Bezeq profits dip: The Bezeq phone company also reported slumping fortunes in 2013, falling well short of profit forecasts to net 352 million shekels ($102 million) in the fourth quarter, down 33% down from 2012. For the year 2013 Bezeq reported netting 1.8 billion shekels on revenues that shrank 7% against the year before to 9.6 billion. Nor does the formerly national phone company, now a private company, expect the pain to end, as competition continues to ravage the mobile communications industry, to the delight of consumers: Bezeq is guiding investors to expect 1.6-1.7 billion shekels, below the average analyst forecast of 1.74 billion for 2014 according to Thomson Reuters.

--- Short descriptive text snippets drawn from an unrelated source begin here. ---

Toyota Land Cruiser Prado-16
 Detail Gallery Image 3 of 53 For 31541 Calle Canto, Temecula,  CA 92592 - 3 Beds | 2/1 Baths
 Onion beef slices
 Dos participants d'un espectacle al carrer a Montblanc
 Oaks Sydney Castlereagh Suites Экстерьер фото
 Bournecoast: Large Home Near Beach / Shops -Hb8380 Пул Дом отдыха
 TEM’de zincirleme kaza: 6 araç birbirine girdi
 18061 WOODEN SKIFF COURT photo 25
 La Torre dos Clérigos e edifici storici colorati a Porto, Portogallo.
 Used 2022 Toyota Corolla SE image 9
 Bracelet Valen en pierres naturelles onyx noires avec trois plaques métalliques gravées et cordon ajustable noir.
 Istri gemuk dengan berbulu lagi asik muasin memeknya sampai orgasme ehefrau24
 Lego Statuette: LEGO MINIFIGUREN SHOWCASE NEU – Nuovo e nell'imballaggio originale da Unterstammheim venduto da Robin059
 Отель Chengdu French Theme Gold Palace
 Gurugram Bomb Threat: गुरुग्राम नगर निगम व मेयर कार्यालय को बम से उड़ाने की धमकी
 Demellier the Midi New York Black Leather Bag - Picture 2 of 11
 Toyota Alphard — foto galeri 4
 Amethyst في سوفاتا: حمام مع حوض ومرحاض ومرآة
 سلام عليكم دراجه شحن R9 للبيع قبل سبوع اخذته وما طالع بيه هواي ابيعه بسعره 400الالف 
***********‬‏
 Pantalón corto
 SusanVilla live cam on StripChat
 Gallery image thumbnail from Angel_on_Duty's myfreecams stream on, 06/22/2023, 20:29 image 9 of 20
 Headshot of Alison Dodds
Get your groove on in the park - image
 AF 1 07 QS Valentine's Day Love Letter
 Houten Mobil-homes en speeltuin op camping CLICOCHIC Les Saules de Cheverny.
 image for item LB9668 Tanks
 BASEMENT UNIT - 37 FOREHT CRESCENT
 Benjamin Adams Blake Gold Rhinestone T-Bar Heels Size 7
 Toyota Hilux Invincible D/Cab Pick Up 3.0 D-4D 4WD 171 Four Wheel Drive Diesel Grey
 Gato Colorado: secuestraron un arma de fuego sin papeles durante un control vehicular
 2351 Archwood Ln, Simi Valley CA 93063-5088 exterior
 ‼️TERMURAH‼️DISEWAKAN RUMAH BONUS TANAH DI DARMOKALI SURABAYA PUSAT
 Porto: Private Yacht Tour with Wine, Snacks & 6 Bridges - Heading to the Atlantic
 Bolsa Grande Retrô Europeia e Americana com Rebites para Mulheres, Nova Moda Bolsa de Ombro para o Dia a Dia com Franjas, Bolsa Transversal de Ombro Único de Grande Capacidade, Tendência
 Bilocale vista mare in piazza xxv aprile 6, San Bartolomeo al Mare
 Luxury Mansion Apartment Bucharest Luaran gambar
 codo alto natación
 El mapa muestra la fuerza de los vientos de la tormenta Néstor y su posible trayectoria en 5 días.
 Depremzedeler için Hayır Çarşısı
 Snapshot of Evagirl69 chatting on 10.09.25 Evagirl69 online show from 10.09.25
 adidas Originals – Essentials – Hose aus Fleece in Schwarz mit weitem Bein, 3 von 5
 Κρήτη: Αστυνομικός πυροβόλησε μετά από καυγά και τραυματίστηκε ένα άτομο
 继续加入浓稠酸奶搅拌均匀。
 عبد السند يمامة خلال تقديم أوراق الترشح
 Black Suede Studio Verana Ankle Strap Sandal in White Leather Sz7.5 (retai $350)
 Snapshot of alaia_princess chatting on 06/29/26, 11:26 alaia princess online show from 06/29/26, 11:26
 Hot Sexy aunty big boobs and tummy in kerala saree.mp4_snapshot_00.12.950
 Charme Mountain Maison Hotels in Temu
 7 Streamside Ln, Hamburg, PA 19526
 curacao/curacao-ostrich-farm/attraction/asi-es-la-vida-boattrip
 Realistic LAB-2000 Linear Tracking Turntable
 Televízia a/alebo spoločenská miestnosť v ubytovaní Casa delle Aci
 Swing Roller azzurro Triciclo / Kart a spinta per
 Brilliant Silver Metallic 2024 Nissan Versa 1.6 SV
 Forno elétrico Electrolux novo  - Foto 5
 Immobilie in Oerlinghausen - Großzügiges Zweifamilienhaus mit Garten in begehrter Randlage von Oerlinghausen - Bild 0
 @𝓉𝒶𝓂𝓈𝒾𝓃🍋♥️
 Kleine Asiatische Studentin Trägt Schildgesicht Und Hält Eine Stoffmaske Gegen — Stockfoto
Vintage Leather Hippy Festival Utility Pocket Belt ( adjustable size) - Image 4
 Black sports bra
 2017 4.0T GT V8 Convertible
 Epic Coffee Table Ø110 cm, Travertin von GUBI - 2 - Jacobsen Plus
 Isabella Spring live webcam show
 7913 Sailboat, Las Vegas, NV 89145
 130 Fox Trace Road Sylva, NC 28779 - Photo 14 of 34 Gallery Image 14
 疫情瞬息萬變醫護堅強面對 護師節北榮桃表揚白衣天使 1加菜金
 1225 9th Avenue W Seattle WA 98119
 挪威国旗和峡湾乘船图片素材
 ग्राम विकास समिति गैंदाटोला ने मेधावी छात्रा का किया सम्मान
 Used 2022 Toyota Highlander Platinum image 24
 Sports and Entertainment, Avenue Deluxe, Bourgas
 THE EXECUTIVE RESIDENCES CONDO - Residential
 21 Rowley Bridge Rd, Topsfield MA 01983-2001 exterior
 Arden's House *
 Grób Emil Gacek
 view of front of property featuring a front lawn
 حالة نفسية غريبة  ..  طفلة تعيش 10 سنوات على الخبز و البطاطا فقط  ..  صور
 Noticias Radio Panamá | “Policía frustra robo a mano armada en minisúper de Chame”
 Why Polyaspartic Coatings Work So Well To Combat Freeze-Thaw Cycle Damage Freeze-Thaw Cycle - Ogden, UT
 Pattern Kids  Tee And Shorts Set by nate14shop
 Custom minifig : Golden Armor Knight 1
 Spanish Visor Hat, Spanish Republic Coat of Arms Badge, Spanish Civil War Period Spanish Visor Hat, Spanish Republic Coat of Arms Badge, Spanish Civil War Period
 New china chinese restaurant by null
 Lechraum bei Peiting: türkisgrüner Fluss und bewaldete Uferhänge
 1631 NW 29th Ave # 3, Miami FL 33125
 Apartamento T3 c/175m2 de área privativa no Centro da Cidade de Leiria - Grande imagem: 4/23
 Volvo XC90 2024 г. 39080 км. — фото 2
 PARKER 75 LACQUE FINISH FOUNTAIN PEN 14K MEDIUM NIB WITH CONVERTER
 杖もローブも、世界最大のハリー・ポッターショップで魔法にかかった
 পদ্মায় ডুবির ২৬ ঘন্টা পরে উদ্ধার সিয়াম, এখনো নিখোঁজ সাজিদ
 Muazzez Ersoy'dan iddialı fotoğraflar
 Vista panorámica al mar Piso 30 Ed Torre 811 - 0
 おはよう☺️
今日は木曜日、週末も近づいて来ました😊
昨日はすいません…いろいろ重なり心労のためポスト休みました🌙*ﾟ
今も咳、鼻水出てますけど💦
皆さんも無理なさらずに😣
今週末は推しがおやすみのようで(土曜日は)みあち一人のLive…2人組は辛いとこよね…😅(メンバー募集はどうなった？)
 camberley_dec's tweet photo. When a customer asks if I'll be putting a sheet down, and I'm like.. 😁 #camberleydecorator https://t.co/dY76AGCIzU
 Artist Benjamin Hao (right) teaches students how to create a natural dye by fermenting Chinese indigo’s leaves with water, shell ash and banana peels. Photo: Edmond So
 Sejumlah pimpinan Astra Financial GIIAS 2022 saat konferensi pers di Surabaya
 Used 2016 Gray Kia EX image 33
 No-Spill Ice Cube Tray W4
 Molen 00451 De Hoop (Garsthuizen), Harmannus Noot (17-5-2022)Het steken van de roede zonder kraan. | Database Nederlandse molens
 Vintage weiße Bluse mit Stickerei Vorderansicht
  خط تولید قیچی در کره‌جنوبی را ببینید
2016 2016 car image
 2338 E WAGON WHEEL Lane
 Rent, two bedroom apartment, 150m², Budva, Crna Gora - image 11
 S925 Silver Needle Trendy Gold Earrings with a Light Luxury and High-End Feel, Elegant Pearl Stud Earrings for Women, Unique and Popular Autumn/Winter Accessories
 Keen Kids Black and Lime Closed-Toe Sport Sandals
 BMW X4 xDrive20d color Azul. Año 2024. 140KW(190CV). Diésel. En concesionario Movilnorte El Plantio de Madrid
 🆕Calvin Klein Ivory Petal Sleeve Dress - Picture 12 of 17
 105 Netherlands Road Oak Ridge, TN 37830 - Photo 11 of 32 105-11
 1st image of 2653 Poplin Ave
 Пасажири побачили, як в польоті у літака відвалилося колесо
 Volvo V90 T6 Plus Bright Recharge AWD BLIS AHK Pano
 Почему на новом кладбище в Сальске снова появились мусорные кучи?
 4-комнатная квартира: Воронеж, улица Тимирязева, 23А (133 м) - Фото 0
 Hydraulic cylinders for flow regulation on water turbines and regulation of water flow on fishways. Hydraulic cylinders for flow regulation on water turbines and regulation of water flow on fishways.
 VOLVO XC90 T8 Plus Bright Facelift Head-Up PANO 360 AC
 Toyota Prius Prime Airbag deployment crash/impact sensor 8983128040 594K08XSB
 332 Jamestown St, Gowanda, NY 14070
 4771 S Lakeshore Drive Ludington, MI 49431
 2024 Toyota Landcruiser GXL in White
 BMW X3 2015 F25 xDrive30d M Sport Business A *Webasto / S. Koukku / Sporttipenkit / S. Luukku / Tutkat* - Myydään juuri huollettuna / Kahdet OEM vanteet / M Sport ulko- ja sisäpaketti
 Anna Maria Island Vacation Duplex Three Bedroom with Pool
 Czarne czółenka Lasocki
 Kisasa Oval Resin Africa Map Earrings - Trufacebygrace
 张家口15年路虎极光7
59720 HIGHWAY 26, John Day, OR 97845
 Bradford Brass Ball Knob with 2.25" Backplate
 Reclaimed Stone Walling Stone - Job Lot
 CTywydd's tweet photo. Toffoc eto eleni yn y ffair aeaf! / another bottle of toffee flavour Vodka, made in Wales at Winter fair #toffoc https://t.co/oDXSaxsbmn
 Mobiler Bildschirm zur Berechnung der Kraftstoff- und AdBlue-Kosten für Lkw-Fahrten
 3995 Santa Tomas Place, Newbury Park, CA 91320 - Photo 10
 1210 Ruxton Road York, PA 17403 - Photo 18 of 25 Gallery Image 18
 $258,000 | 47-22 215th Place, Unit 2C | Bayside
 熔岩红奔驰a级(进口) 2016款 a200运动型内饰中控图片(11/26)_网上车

Perion angling to buy AirPush: Download Valley companies have been wooing the mobile-advertising pack. The latest deal in the making is Tel Aviv-based Perion Network bidding to buy AirPush, one of the biggest advertisers through notification to mobile phones. TechCrunch reports the number being bandied about is $170 million. It also notes that Perion just finished merging with another Israeli giant, Conduit, maker of a community toolbar. Perion, built on IncrediMail and Smilebox, makes its living from distributing adware and malware protection software while users download its happy-happy software for free.

Facebook wants drones: For our non-Israeli interesting story of the day, we have Facebook, which is negotiating to buy Titan Aerospace, a company that makes drones – unmanned airplanes. Why would Facebook want that? To supply Internet service to remote corners of the world, specifically Africa, TechCrunch reports. The Facebook drones would contend against Google balloons – can’t you just see this silent dogfight in your mind. TheVerge brings an interesting comparison of the competing technologies. Meanwhile, another company embracing drone technology is Amazon, but for a very different reason – think electronic donkey delivering small packages. Amazon won a big one in court this week, as the National Transportation Safety Board dismissed a ban on unmanned aircraft being used for commercial purposes.